Druckanlagen: überwiegend in gutem Zustand
Bei über 300.000 Prüfungen von Druckbehälteranlagen war mit 76 Prozent der überwiegende Teil mängelfrei. Geringfügige Mängel wiesen rund 18 Prozent auf, erhebliche Mängel hatten rund 6 Prozent der Anlagen. Die rund 27.000 Prüfungen von Dampfkesselanlagen zeigen ein ähnliches Bild. Mängelfrei waren 78 Prozent, geringfügige Mängel hatten rund 18 Prozent und erhebliche Mängel wurden an rund 4 Prozent der Anlagen festgestellt. Der Anteil der Druckanlagen mit gefährlichen Mängeln, z. B. mit kritischen Rissen in Schweißverbindungen, lag bei unter einem Prozent. Insgesamt kann man hier also ein hohes Sicherheitsniveau feststellen. In absoluten Zahlen heißt das aber: an 197 Druckbehälter- und 31 Dampfkesselanlagen bestanden derart gravierende Mängel, dass sie nach der Prüfung durch die Zugelassene Überwachungsstelle (ZÜS) zur Sicherheit sofort stillgelegt werden mussten.
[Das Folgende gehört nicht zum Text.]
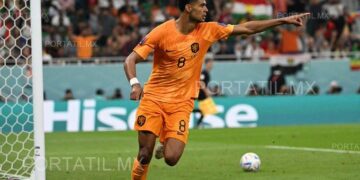 Países Bajos (Holanda) venció a Catar y avanza a octavos de final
Aufzüge: Über die Hälfte hat Mängel – hohe Dunkelziffer
Aufzüge müssen jährlich geprüft werden, wobei Wiederkehrende („Haupt“-) und Zwischenprüfungen immer im Wechsel stattfinden. Bei diesen rund 480.000 Prüfungen stellten die Experten der zugelassenen Überwachungsstellen fest, dass mehr als die Hälfte (rund 51 Prozent) der Aufzugsanlagen Mängel aufweist. An rund 12 Prozent wurden sicherheitserhebliche Mängel angemahnt – etwa an Tragseilen, der Steuerung oder der Notrufeinrichtung -, deren Beseitigung durch eine Nachprüfung kontrolliert werden musste. Darüber hinaus schätzt der VdTÜV, dass mehr als 150.000 Anlagen überhaupt nicht geprüft werden, weil die Betreiber der gesetzlichen Prüfpflicht nicht mehr nachkommen. Die genaue Zahl ist nicht bekannt. Da über den Zustand dieser Anlagen nichts bekannt ist, fürchten die Experten eine hohe Dunkelziffer an Mängeln bei Aufzügen.
Nach den Plänen der Bundesregierung soll bei der Novellierung der Betriebssicherheitsverordnung die unabhängige und unangekündigte Zwischenprüfung von Aufzügen abgeschafft werden. Der Zeitraum zwischen zwei unabhängigen Prüfungen würde dadurch von einem auf zwei Jahre verlängert. „Vor dem Hintergrund der dokumentierten Mängelquoten und der erschreckend hohen Zahl nicht geprüfter Anlagen halten wir diese Änderung für gefährlich“, so Dr. Brüggemann. Die Experten fürchten einen weiteren Anstieg der Mängelquoten und eine deutliche Zunahme von Ausfällen und Unfällen in den kommenden Jahren.
Der Anlagensicherheitsreport 2014 erscheint in der VdTÜV-Zeitschrift „Technische Überwachung“. Mitgewirkt haben folgende Zugelassene Überwachungsstellen (ZÜS): DEKRA Industrial GmbH, DEKRA EXAM GmbH, GTÜ Anlagensicherheit GmbH, Lloyd´s Register Quality Assurance GmbH, SGS-TÜV GmbH, TÜV Austria Service GmbH, TÜV NORD Systems GmbH & Co. KG, TÜV Rheinland Industrie Service GmbH, TÜV SÜD Chemie Service GmbH, TÜV SÜD Industrie Service GmbH, TÜV Technische Überwachung Hessen GmbH und TÜV Thüringen e. V.